Ratu terus menggenggam tangan Jeffrey kuat-kuat. Enggan untuk ditinggal rupanya. Dalam hati Ratu berdoa agar Jeffrey diperbolehkan untuk menemaninya nanti. Ia setuju dengan anggapan bahwa sebelum memiliki anak bukan hanya finansial yang perlu diperhatikan, tapi juga mental.

“Mas.”

“Hm? Kenapa, Ra?”

Lantas Ratu memamerkan senyum masam. “Nanti kamu ikut masuk, kan?” tanyanya dengan hati-hati.

“Aku gak tau. Tapi kayaknya gak bisa, Ra. Caesar kan termasuk operasi besar(?) Jadi kemungkinan aku disuruh nunggu di luar,” tutur Jeffrey lembut.

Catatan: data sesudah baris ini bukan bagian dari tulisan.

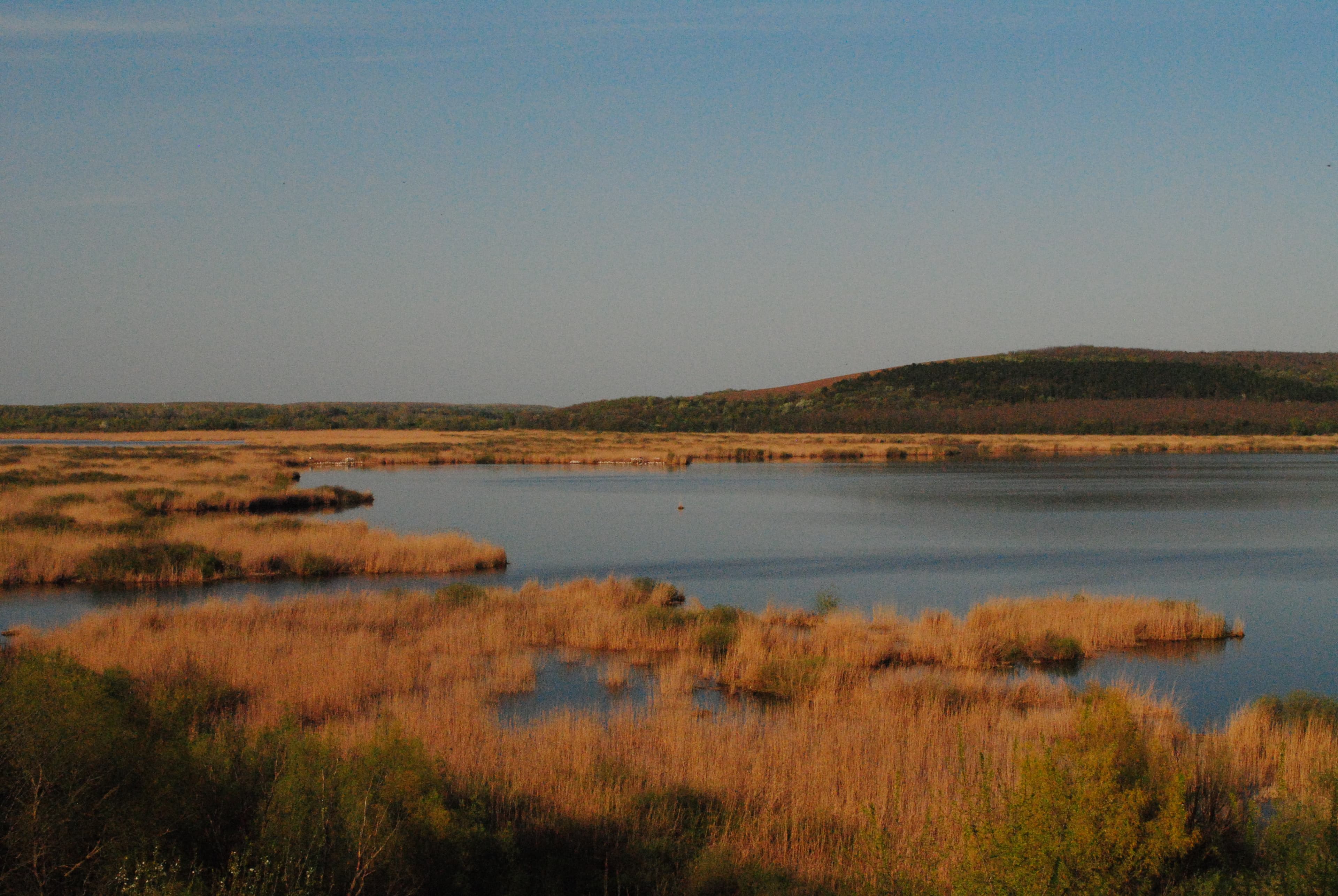 Srebarna Nature Reserve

Melihat kening Ratu yang lagi-lagi berkerut, Jeffrey tersenyum manis. Ibu jarinya sengaja memijit kening Ratu dengan gemas. “Jangan gitu, nanti kamu cepet keriput. Aku keluar sebentar, ya?”

“Mau kemana?”

“Beli minum buat kamu. Nanti kalau perawatnya balik lagi, ajak ngobrol jangan diem aja. Rileks, Ra.” Setelah mengatakan itu, kedua tangan Jeffrey menangkup pipi Ratu kemudian sengaja mengecup wajah istrinya itu sebanyak tiga kali sebelum akhirnya pergi untuk membeli air mineral kemasan seperti yang ia katakan.